Maar de rol van Nederland als leermeester was toen vrijwel geheel uitgespeeld aangezien ons land zelf een achterstand op technisch en industrieel gebied had opgelopen. Het belang van de dynastieke band van de Oranjes met de Romanovs verminderde. Rusland had in 1830 de afscheiding van België niet tegen kunnen houden.
Anna Pavlovna had als koningin van Nederland in 1848 meegemaakt dat haar echtgenoot de macht over de Nederlandse staat had moeten overdragen aan bet parlement.

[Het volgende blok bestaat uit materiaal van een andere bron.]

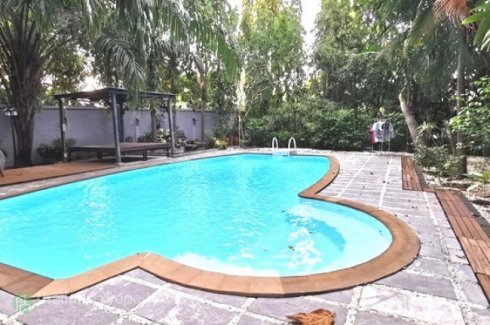 6 Bedroom House For Rent In Bangkok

Zij overleed in 1865. De liberale en socialistische partijen die in Nederland ontstonden, hadden veel kritiek op de expansionistische Russische buitenlandse potitiek en op bet voortbestaan van de tsaristische autocratie.
Het tsaar Peter huisje bleef bewaard en werd zelfs door tsaar Nicolaas II van een nieuw stenen omhulsel voorzien, maar de honeymoon in de Nederlands-Russische betrekkingen was voorbij. Toen Nicolaas in 1911 de stad Zaandam een standbeeld van tsaar Peter als timmerman aanbood, bleven de socialisten in die stad weg bij de onthulling ervan. Rusland was volgens hen het rijk van het kwaad waar de arbeiders wreed onderdrukt werden.
Deze gewijzigde omstandigheden weerspiegelden zich ook in de geschiedschrijving over Peter de Grote. De Nederlanders leverden daaraan geen grote bijdrage meer in de 19de eeuw. De Russische historici schiepen een subtieler en contrastrijker beeld van Peter de Grote, van zijn hervormingen en zijn relaties met het Westen. Het idee dat Peter Nederlands licht in de Russische duisternis had gebracht en op die manier achterlijkheid door beschaving zou hebben vervangen, verdween naar de achtergrond.